When patients ask our supervising MD, Dr. Ana Lisa Carr, what separates microdosing from full therapeutic dosing, the answer usually comes down to receptor activation intensity, appetite signaling strength, and the degree of metabolic change expected at each exposure level.
GLP-1 receptor activation reduces appetite signaling in areas of the brain involved in hunger regulation, particularly the hypothalamus and brainstem. At validated doses, these receptors increase satiety and reduce food preoccupation.
Many patients describe the experience not simply as “less hunger,” but as reduced mental noise around food. Appetite regulation involves both physiological hunger and cognitive drive, which is why this change can feel noticeable even before significant weight loss occurs.
At approved weight-loss doses, caloric intake typically decreases in a consistent and measurable way. Clinical trials of GLP-1 receptor agonists have shown average reductions in daily energy intake of roughly 20–30% during early treatment phases, reflecting the combined effects of increased satiety and reduced food preoccupation.
At lower doses, receptor activation may still occur, but the strength and consistency of appetite suppression have not been defined in controlled trials.
If satiety signaling increases only modestly, calorie intake may decrease slightly rather than substantially. Because body composition changes are ultimately driven by sustained energy balance, the durability of appetite suppression becomes a major factor in long-term outcomes.
Microdosing may partially engage this pathway. Whether partial engagement produces durable metabolic change remains uncertain.
GLP-1 receptor agonists enhance insulin secretion in a glucose-dependent manner. When blood glucose rises, insulin release increases. When glucose normalizes, insulin secretion falls, which helps reduce the risk of hypoglycemia.
At validated doses, GLP-1 therapy commonly reduces HbA1c by roughly 1.0–1.5 percentage points in clinical trials. Weight loss also tends to follow a dose-response pattern, meaning higher doses generally produce greater average reductions in body fat.
Microdosing operates below the studied initiation threshold. As a result, there are currently no randomized trials showing how much glucose control or fat mass change occurs at these lower doses.
Improved insulin signaling can support metabolic stability by helping the body regulate glucose more efficiently. When glucose levels stabilize, the metabolic pressure that promotes fat storage may decrease. The open question is whether microdosing produces enough of that effect to create meaningful clinical change.

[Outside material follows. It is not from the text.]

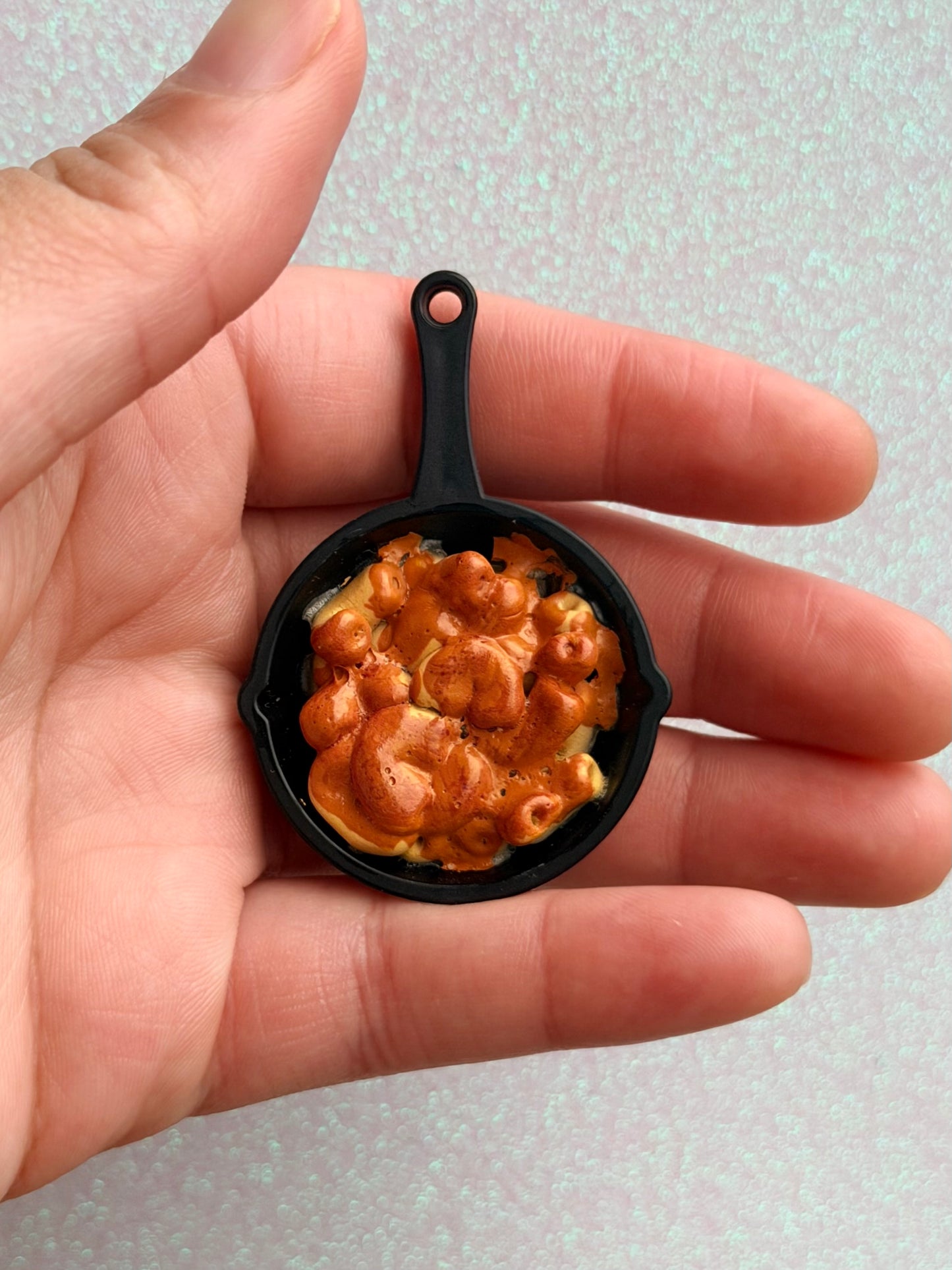 Macaroni and Cheese Skillet Charm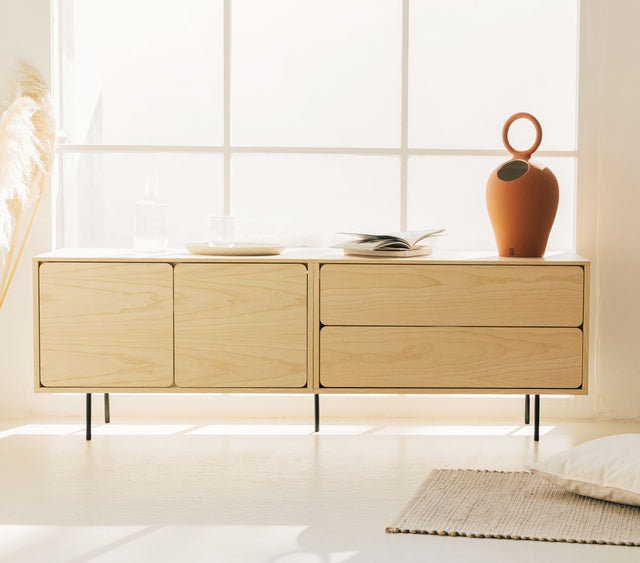 Vista frontal Mueble TV Penxat 160 cm Personalizado Natural Nórdico 2 cajones 2 puertas patas metal salón Slowdeco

In other words, the question is not whether GLP-1 influences insulin signaling. The question is whether microdosing influences it strongly enough to produce measurable metabolic results.
GLP-1 receptor activation slows gastric emptying, meaning food leaves the stomach more slowly. Slower gastric emptying helps blunt post-meal glucose spikes and can prolong feelings of fullness after eating.
At therapeutic doses, GLP-1 medications can delay gastric emptying by roughly 30–50% during the early phases of treatment, which contributes to reduced post-meal glucose spikes and improved satiety signaling.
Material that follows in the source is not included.